#### Records for this task ####

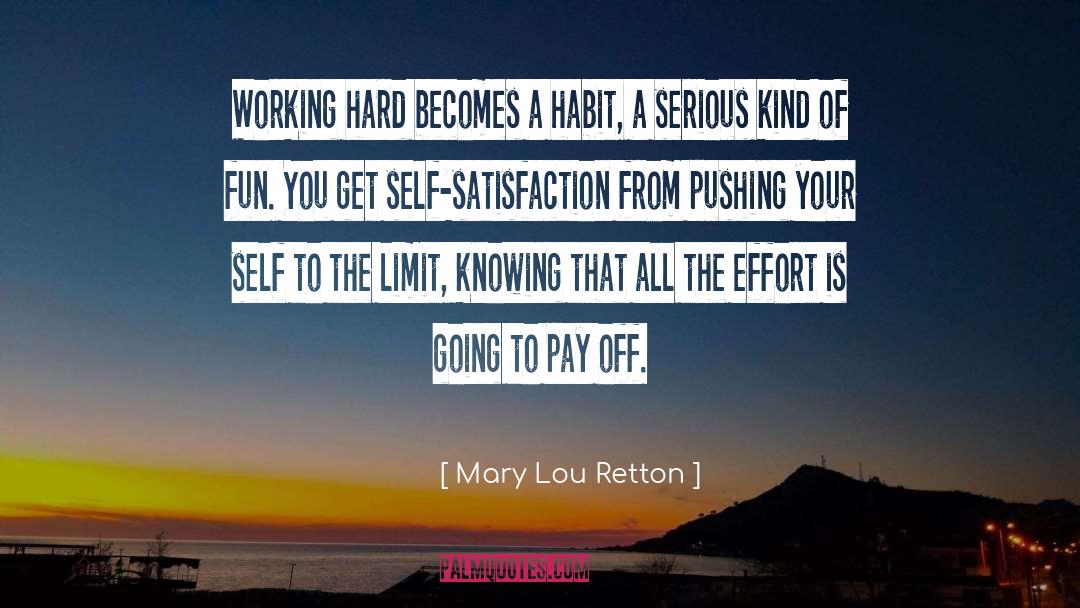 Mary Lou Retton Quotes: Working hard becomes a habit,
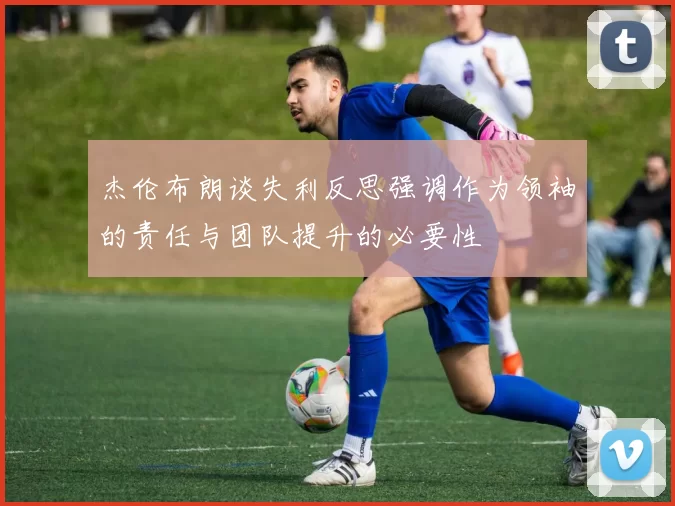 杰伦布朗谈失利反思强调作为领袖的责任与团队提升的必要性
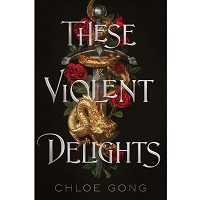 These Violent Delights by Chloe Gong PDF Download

####
#### Records for this task ####

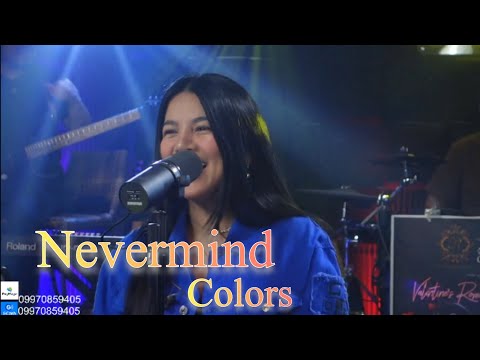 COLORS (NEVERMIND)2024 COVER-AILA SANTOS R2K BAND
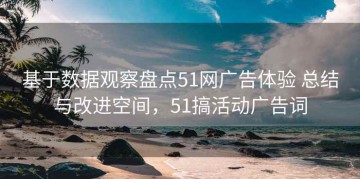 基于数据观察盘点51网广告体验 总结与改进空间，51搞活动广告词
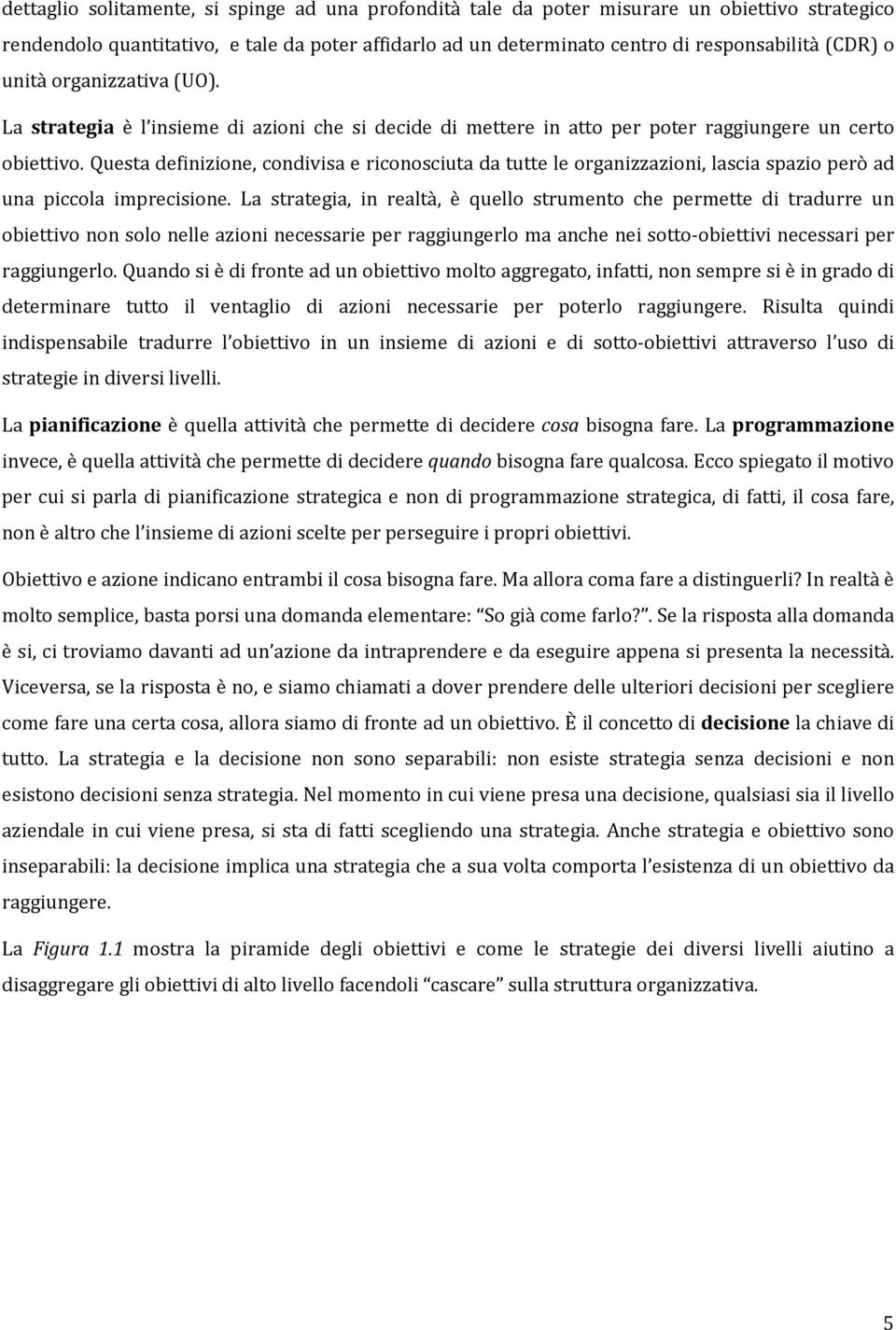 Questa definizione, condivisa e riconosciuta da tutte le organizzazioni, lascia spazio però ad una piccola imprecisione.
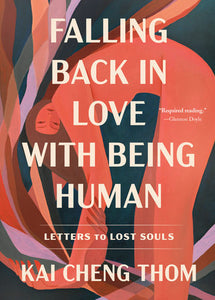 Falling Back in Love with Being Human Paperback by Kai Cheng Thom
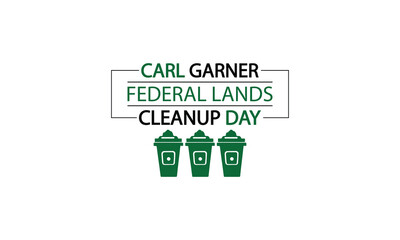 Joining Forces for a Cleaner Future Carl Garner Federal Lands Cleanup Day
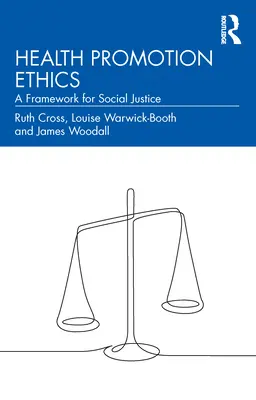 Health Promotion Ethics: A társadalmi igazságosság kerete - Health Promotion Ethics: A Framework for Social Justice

####

■ Exercise prompt ■
In the entries above, find the line with "Questa definizione, condivisa" and the line with "Health Promotion Ethics: A társadalmi". Return exactly those lines and all the ones between them, pictures excluded.

■ Result for this task ■
 Questa definizione, condivisa e riconosciuta da tutte le organizzazioni, lascia spazio però ad una piccola imprecisione.
 Falling Back in Love with Being Human Paperback by Kai Cheng Thom
 Joining Forces for a Cleaner Future Carl Garner Federal Lands Cleanup Day
 Health Promotion Ethics: A társadalmi igazságosság kerete - Health Promotion Ethics: A Framework for Social Justice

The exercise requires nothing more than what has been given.